- Miriam McNabb | Drone Life
A new proposal scheduled to be released from the office of Senator Lee (R-Utah) tomorrow would put the airspace up to 200 feet in altitude over private property under the control of the property owner – and would restrict the FAA’s right to regulate airspace below 200 feet in altitude, making any zoning or regulatory decisions the right of the state or tribal entity governing the land.
DRONELIFE received a summary of the bill from Senator Lee’s office. We may not quote from the summary, as the bill is due to be released tomorrow.

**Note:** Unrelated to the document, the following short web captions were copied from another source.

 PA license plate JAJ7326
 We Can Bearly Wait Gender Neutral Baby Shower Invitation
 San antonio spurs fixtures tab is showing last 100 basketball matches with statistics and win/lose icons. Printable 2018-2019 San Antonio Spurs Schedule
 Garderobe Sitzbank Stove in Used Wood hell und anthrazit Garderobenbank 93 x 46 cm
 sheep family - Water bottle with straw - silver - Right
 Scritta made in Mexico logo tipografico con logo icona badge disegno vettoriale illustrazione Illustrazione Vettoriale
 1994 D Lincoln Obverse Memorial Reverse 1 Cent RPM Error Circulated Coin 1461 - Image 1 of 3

In essence, the bill seeks to clarify and control two significant legal issues that remain unresolved: 1) Establish the airspace to 200 feet in altitude above private property as under the exclusive control of the property owner; and 2) Establish state, tribal and local governments as having exclusive and absolute rights to regulate that airspace.
In summary, the bill would propose that the altitude between 200 and 400 feet be designated for the use of civilian drones – although it wouldn’t prohibit the FAA from allowing drones above 400 feet. The area under 200 feet would be under the jurisdiction of state, local and tribal governments – and the bill would call for a redefinition of “navigable airspace” to make that clear.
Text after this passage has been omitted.